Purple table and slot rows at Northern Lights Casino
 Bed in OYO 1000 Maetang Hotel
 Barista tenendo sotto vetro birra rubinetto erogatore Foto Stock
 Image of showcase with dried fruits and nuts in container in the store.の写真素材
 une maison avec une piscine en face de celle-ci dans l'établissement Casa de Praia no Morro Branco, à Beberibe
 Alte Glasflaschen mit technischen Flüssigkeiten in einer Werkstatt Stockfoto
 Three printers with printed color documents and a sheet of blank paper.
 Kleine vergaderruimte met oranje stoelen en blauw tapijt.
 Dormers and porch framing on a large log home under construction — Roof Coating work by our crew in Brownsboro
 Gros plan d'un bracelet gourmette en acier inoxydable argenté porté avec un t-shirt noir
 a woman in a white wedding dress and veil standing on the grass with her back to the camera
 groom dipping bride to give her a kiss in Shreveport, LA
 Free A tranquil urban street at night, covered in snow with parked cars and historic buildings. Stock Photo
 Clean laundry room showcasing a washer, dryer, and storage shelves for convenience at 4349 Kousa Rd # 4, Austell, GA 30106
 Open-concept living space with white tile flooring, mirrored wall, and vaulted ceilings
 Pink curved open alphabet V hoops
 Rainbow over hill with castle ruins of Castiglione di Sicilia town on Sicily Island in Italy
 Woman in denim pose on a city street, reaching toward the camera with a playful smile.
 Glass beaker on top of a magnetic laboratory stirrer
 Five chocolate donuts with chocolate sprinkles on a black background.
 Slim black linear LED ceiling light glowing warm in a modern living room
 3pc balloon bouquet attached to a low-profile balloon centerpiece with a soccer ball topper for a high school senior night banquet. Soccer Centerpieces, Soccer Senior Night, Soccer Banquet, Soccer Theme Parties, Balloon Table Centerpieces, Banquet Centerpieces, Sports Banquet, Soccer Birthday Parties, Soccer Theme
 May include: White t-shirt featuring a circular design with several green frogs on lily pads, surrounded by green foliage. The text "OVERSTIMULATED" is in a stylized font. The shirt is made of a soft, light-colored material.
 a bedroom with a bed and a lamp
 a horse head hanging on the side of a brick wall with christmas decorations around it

§ §

■ WHAT THE TASK ASKS ■
Please write out every line of the data exactly.

■ RESPONSE TO THIS TASK ■
Purple table and slot rows at Northern Lights Casino
 Bed in OYO 1000 Maetang Hotel
 Barista tenendo sotto vetro birra rubinetto erogatore Foto Stock
 Image of showcase with dried fruits and nuts in container in the store.の写真素材
 une maison avec une piscine en face de celle-ci dans l'établissement Casa de Praia no Morro Branco, à Beberibe
 Alte Glasflaschen mit technischen Flüssigkeiten in einer Werkstatt Stockfoto
 Three printers with printed color documents and a sheet of blank paper.
 Kleine vergaderruimte met oranje stoelen en blauw tapijt.
 Dormers and porch framing on a large log home under construction — Roof Coating work by our crew in Brownsboro
 Gros plan d'un bracelet gourmette en acier inoxydable argenté porté avec un t-shirt noir
 a woman in a white wedding dress and veil standing on the grass with her back to the camera
 groom dipping bride to give her a kiss in Shreveport, LA
 Free A tranquil urban street at night, covered in snow with parked cars and historic buildings. Stock Photo
 Clean laundry room showcasing a washer, dryer, and storage shelves for convenience at 4349 Kousa Rd # 4, Austell, GA 30106
 Open-concept living space with white tile flooring, mirrored wall, and vaulted ceilings
 Pink curved open alphabet V hoops
 Rainbow over hill with castle ruins of Castiglione di Sicilia town on Sicily Island in Italy
 Woman in denim pose on a city street, reaching toward the camera with a playful smile.
 Glass beaker on top of a magnetic laboratory stirrer
 Five chocolate donuts with chocolate sprinkles on a black background.
 Slim black linear LED ceiling light glowing warm in a modern living room
 3pc balloon bouquet attached to a low-profile balloon centerpiece with a soccer ball topper for a high school senior night banquet. Soccer Centerpieces, Soccer Senior Night, Soccer Banquet, Soccer Theme Parties, Balloon Table Centerpieces, Banquet Centerpieces, Sports Banquet, Soccer Birthday Parties, Soccer Theme
 May include: White t-shirt featuring a circular design with several green frogs on lily pads, surrounded by green foliage. The text "OVERSTIMULATED" is in a stylized font. The shirt is made of a soft, light-colored material.
 a bedroom with a bed and a lamp
 a horse head hanging on the side of a brick wall with christmas decorations around it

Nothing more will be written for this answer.